*Directions for this task*
Every line from the one with "Attēlu rezultāti vaicājumam" through the end of the entries below should be written out exactly; the pictures should not.

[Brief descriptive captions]
- - -

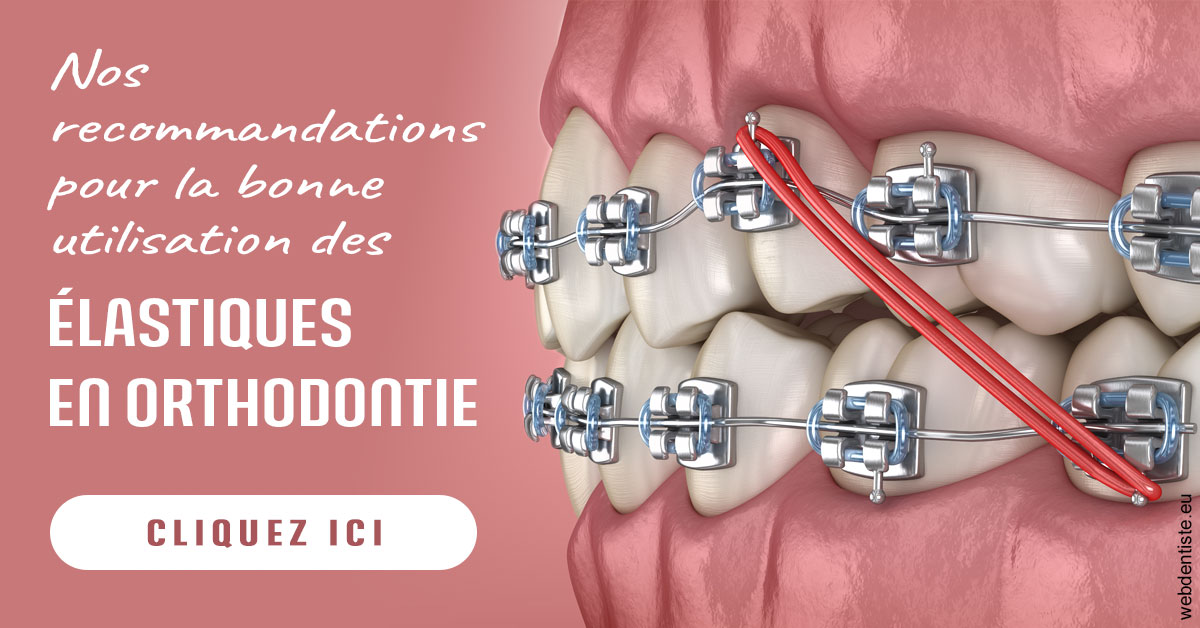 https://www.dr-vincent-stephane.fr/Elastiques orthodontie 2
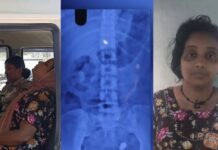 Kerala: ಮಗುವಿನ ಕುತ್ತಿಗೆಯಲ್ಲಿದ್ದ ಚೈನ್ ಕದ್ದು ನುಂಗಿದ ಕಳ್ಳಿ – ತೆಗೆಯಲು ಪೋಲೀಸರ ಹರಸಾಹಸ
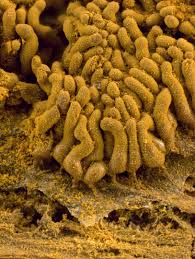 Attēlu rezultāti vaicājumam “Arcyria imperialis”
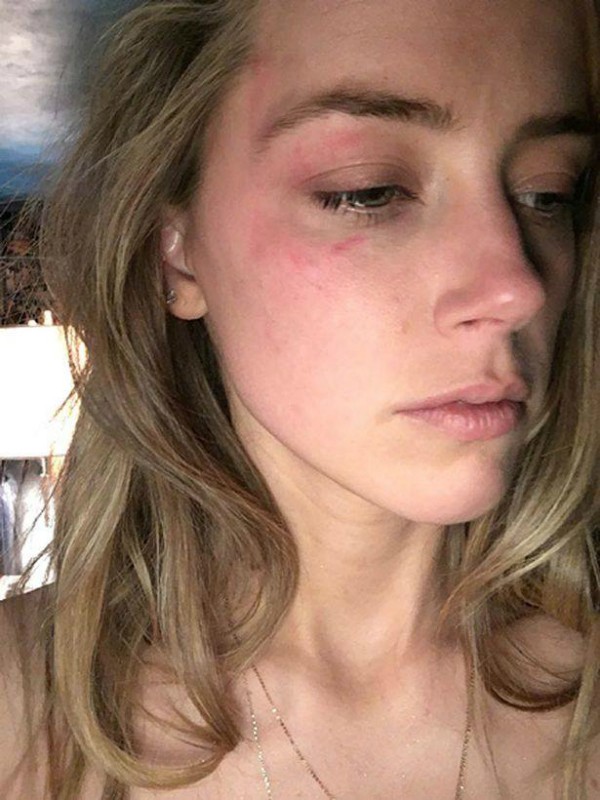 Amber Heard com hematomas no rosto (Foto: Reprodução)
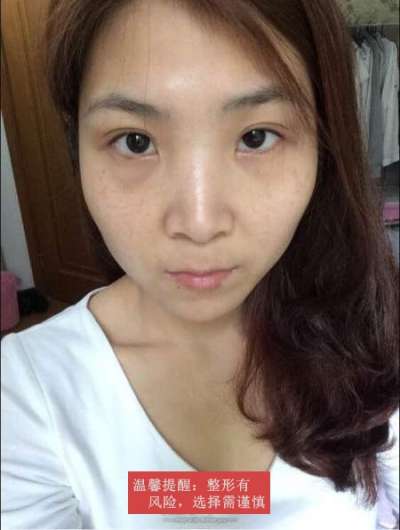 点阵激光后恢复过程图|真实效果全部分享~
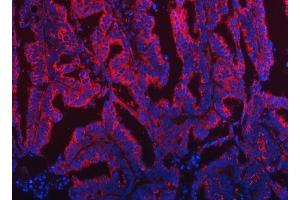 IF analysis of TOM1L1 using anti-TOM1L1 antibody (ABIN7602631).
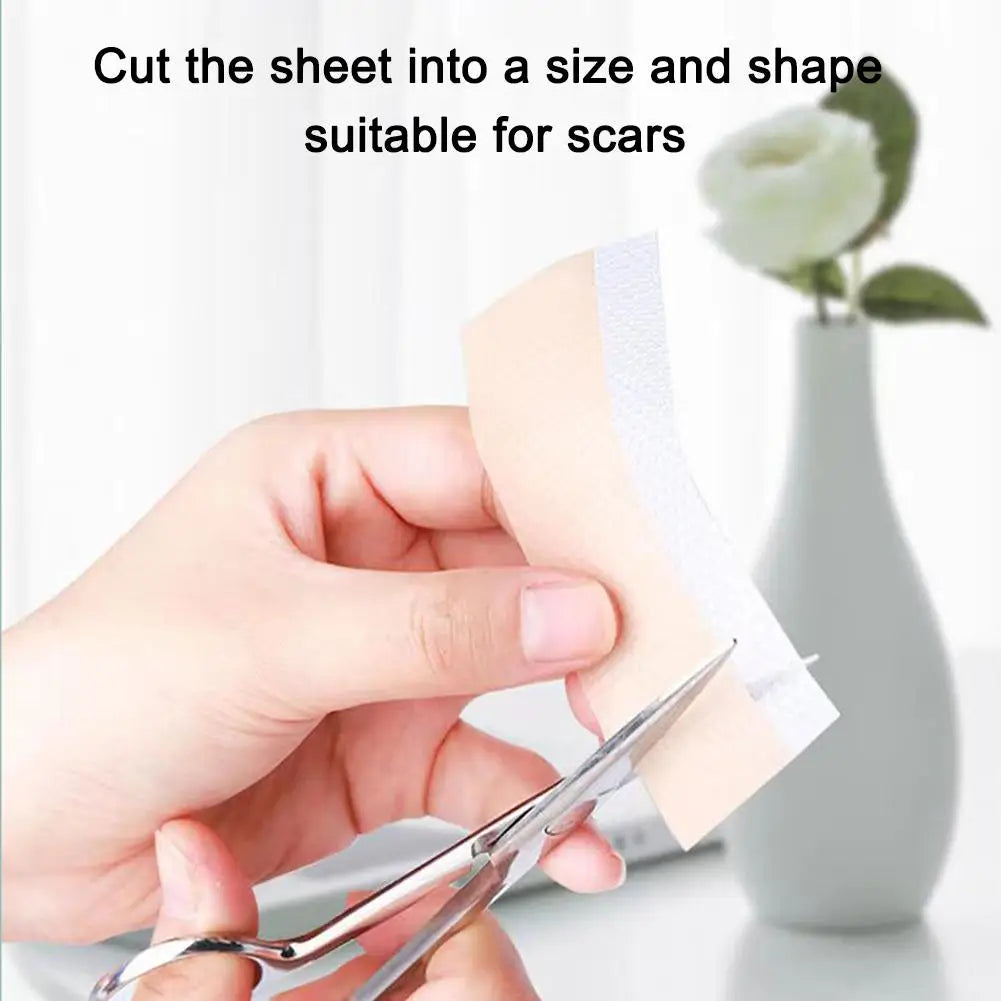 4X300CM Silicone Scar Patch Skin Repair Sheets Self-Adhesive Stretch Mark Tape Therapy Patch Burn Acne Scar  ﻿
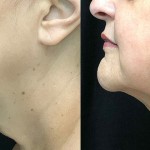 Source: Dr. Moubayed’s practice. Not a guarantee of results. Photos published with informed written consent of patients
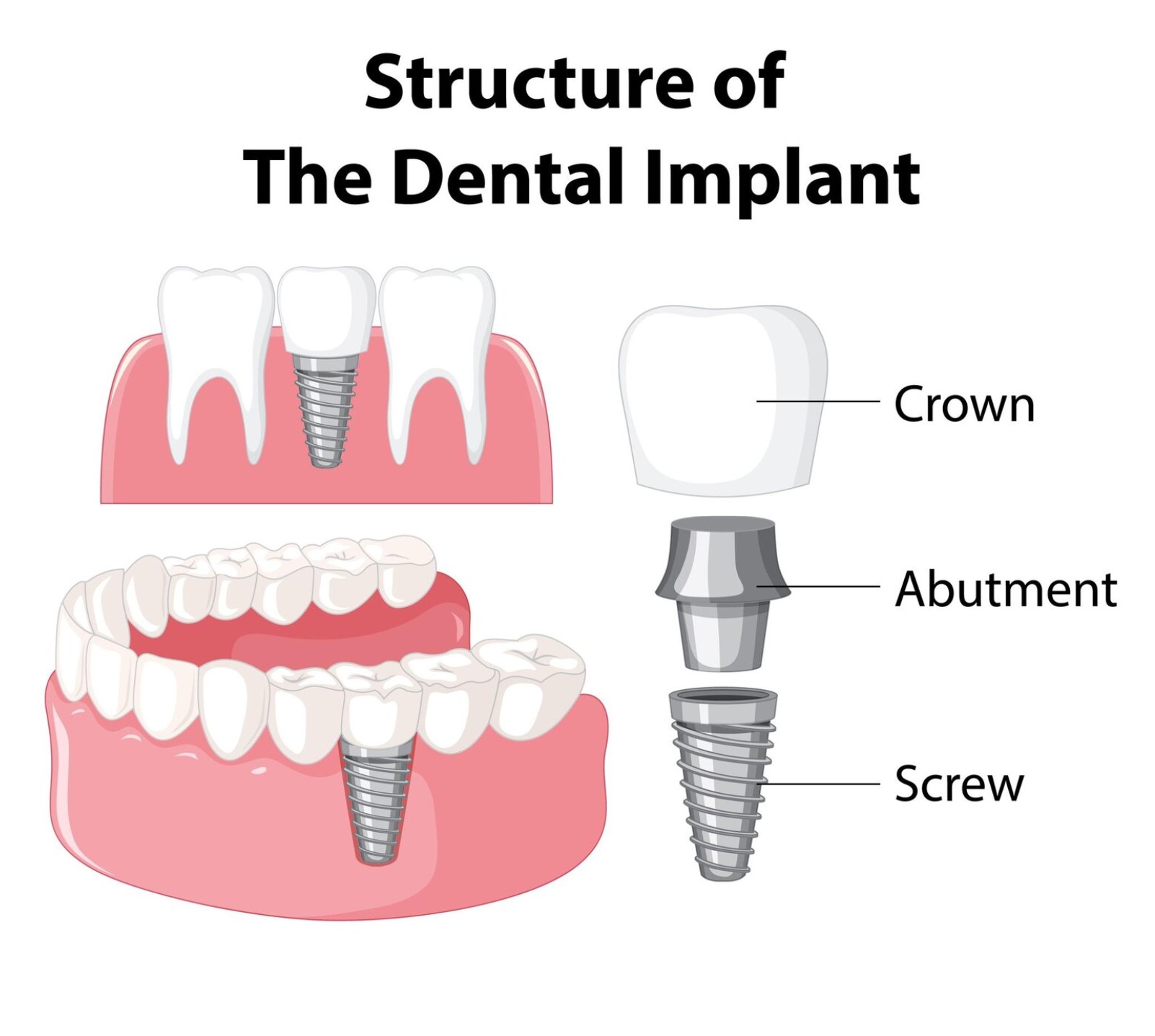 Best dentist and best dental clinic for dental implant treatment in hinjewadi Mahalunge Maan Pune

- - -

*Solution for this task*
 Attēlu rezultāti vaicājumam “Arcyria imperialis”
 Amber Heard com hematomas no rosto (Foto: Reprodução)
 点阵激光后恢复过程图|真实效果全部分享~
 IF analysis of TOM1L1 using anti-TOM1L1 antibody (ABIN7602631).
 4X300CM Silicone Scar Patch Skin Repair Sheets Self-Adhesive Stretch Mark Tape Therapy Patch Burn Acne Scar  ﻿
 Source: Dr. Moubayed’s practice. Not a guarantee of results. Photos published with informed written consent of patients
 Best dentist and best dental clinic for dental implant treatment in hinjewadi Mahalunge Maan Pune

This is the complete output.